• Goal of the exercise
An exact copy of the records is needed; please leave the images out.

• Extracted information
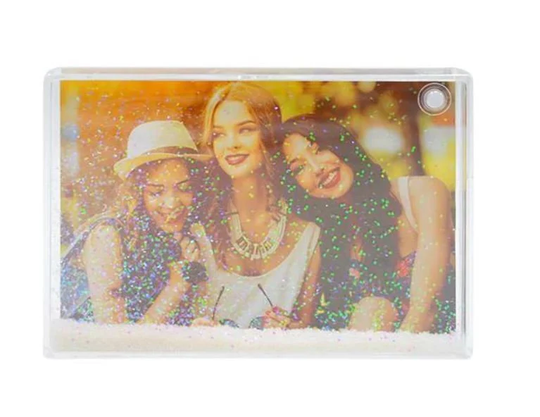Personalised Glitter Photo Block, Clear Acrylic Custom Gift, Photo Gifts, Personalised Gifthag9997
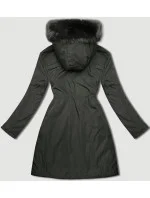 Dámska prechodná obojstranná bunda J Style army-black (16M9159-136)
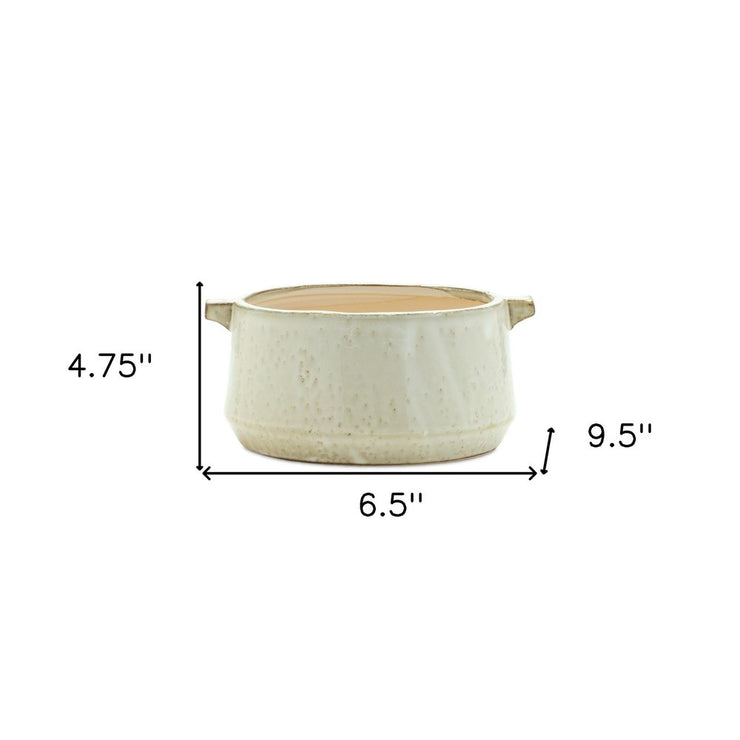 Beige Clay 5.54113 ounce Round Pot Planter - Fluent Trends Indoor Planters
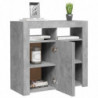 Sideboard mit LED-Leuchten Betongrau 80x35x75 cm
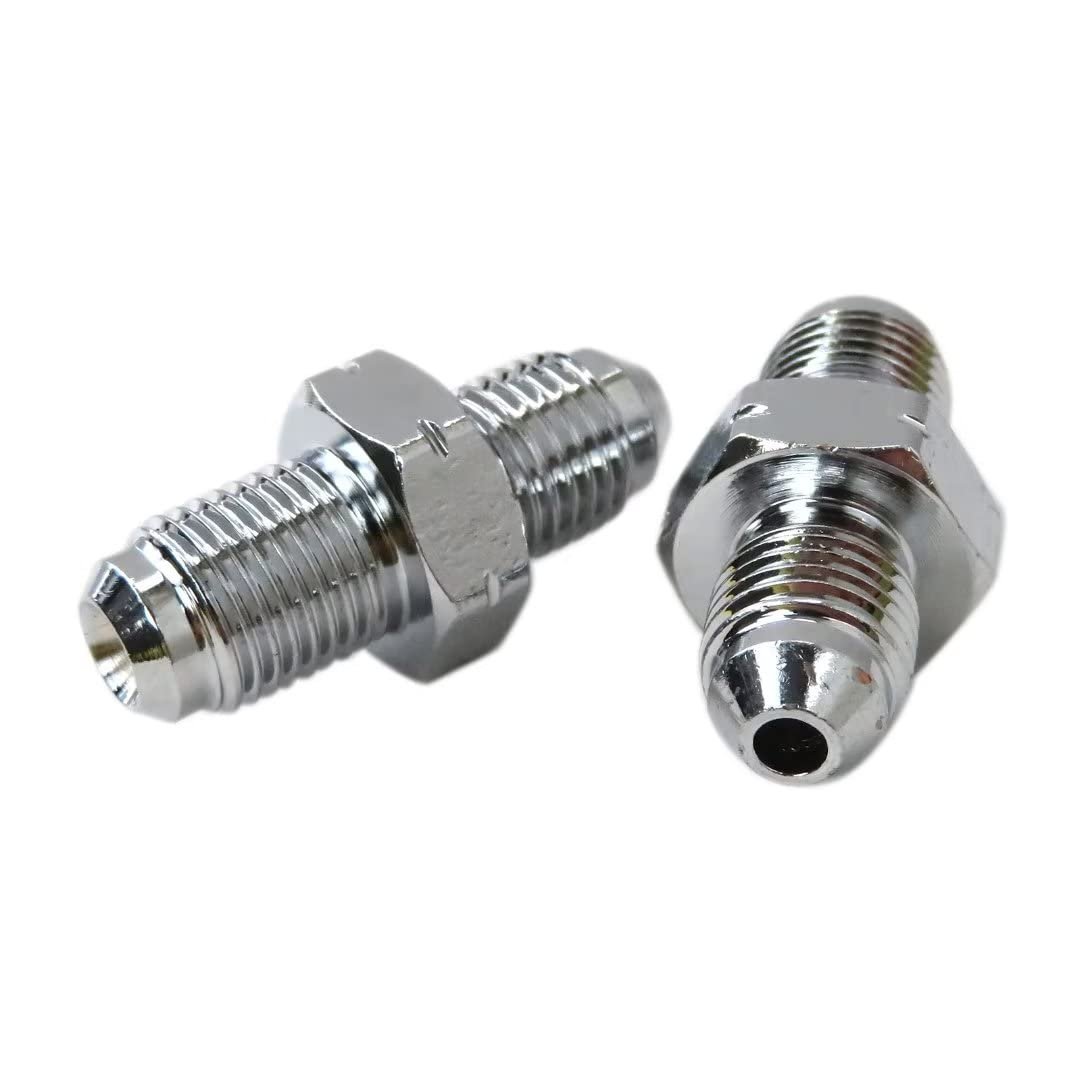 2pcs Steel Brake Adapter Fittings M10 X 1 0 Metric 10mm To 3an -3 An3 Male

• Completed exercise
Personalised Glitter Photo Block, Clear Acrylic Custom Gift, Photo Gifts, Personalised Gifthag9997
 Dámska prechodná obojstranná bunda J Style army-black (16M9159-136)
 Beige Clay 5.54113 ounce Round Pot Planter - Fluent Trends Indoor Planters
 Sideboard mit LED-Leuchten Betongrau 80x35x75 cm
 2pcs Steel Brake Adapter Fittings M10 X 1 0 Metric 10mm To 3an -3 An3 Male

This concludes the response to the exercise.